Sommigen betogen dat aangezien Jezus het woord „hoererij” (Grieks: por·neiʹa) en niet „overspel” (Grieks: moi·cheiʹa) gebruikte, hij de een of andere ongepaste daad vóór het huwelijk bedoeld moet hebben die het huwelijk nietig en ongeldig gemaakt zou hebben. Hierdoor wordt de betekenis van het woord onnodig beperkt. Verscheidene autoriteiten erkennen dat por·neiʹa „onkuisheid, ontucht, prostitutie, hoererij” betekent en dat het in Matthéüs 19:9 „overspel betekent of omvat”. Anderen betogen dat Jezus hoererij slechts als één voorbeeld van de vele echtscheidingsgronden noemde. Het is duidelijk dat hiermee een geforceerde uitleg aan de tekst wordt gegeven.
Uit het voorgaande blijkt duidelijk dat de bijbel niet zegt dat ieder huwelijk een blijvende verbintenis moet zijn en dat echtscheiding onder geen enkele omstandigheid toegestaan dient te worden. De bijbel verschaft daarentegen slechts één aanvaardbare basis voor echtscheiding, namelijk „de echtscheidingsgrond hoererij”.
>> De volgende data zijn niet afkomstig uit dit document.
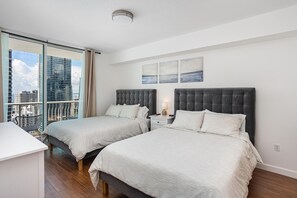 1 Schlafzimmer, Schreibtisch, Bügeleisen/Bügelbrett, Reisekinderbett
„Het huwelijk zij eerbaar”
Moedigt de bijbel, door een echtscheidingsgrond toe te staan, tot echtscheiding aan? Wordt het huwelijk door deze toelating gebagatelliseerd of van zijn waardigheid beroofd? Of plaatst de bijbel, door slechts één echtscheidingsgrond toe te staan, een onredelijke last op degenen die trouwen?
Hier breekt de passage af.